Saving any identification data (username, password, DB name, SNMP community name, etc.) in configuration files in plain text is unsafe.
Frequently used plugins
file
Allows you to stream events from files line by line, it is possible to read several lines at once. You can read more on the official documentation page.
For the plugin to work properly, you need to make sure that Logstash (usually the user of the same name and the "logstash" group are used) have access to the directory where the specified file is located and have rights to read the file itself.

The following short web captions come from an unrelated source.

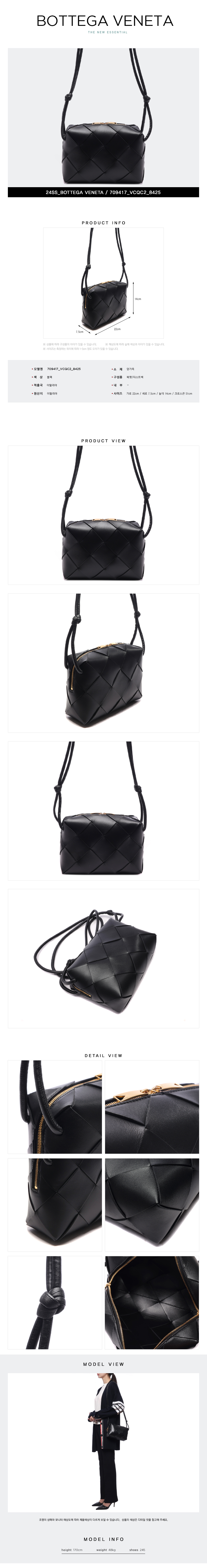 BOTTEGA VENETA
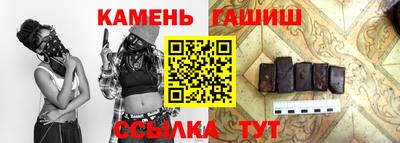 ECSTASY Балаково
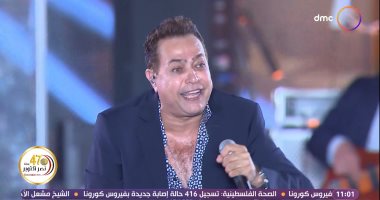 حكيم يبدأ حفل ذكرى نصر أكتوبر بمدينة الجلالة بأغنية "السلام عليكم"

In the example below, we read the data from the HR2m.csv file and modify the received data before sending it further. The frequently used plugin parameters are listed below:
- path- the path to the file, _ is a required parameter_
- start_position- from which place to read the file. beginning - reading the file from the beginning, end - reading only the last entries, the default value is end;
- sincedb_path\ is a sincedb database file for storing the last read position from the file.
input {
file {
path => "/path/to/HR2m.csv"
start_position => "beginning"
sincedb_path => "/dev/null"
}
}
filter {
csv{
columns => [ "id", "name_prefix", "first_name", "middle_initial", "last_name", "gender", "e_mail", "fathers_name", "mothers_name", "mothers_maiden_name", "date_of_birth", "time_of_birth", "age_in", "weight", "date_of_joining", "quarter_of_joining", "half_of_joining", "year_of_joining", "month_of_joining", "month_name_of_joining","short_month", "day_of_joining", "dow_of_joining", "short_dow", "age", "salary", "last_hike", "ssn", "phone", "place_name", "county", "city", "state", "zip", "region", "username", "password"]
separator => ","
skip_header => true
source => "message"
}
}
Please note that in this example, additional data manipulation is performed in the filter block - using the csv filter plugin, which will allow you to split each message by fields.
tcp
Reading events via a tcp socket in server or client mode. You can read more on the official documentation page.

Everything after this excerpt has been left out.